■ Record extracts ■
=-=-=-=-=

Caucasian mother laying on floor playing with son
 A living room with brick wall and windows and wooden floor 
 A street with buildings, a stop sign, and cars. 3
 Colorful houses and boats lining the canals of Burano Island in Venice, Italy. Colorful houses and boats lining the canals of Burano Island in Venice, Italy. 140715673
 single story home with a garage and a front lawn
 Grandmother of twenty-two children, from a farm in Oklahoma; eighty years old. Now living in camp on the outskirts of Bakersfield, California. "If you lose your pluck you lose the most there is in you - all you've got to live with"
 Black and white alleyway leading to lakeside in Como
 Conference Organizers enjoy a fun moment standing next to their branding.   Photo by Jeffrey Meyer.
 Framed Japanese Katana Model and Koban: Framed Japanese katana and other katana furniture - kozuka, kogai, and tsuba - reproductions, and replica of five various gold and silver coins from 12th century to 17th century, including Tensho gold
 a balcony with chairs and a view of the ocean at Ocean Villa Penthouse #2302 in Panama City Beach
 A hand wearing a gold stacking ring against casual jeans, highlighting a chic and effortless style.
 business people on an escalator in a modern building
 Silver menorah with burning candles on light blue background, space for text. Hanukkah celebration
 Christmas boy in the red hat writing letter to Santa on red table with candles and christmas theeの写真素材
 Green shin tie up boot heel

=-=-=-=-=

■ What is being asked ■
Restate word for word the lines in the material above from the one with "A living room" to the one with "single story home"; both of those lines count, and nothing else does.

■ Your solution ■
 A living room with brick wall and windows and wooden floor 
 A street with buildings, a stop sign, and cars. 3
 Colorful houses and boats lining the canals of Burano Island in Venice, Italy. Colorful houses and boats lining the canals of Burano Island in Venice, Italy. 140715673
 single story home with a garage and a front lawn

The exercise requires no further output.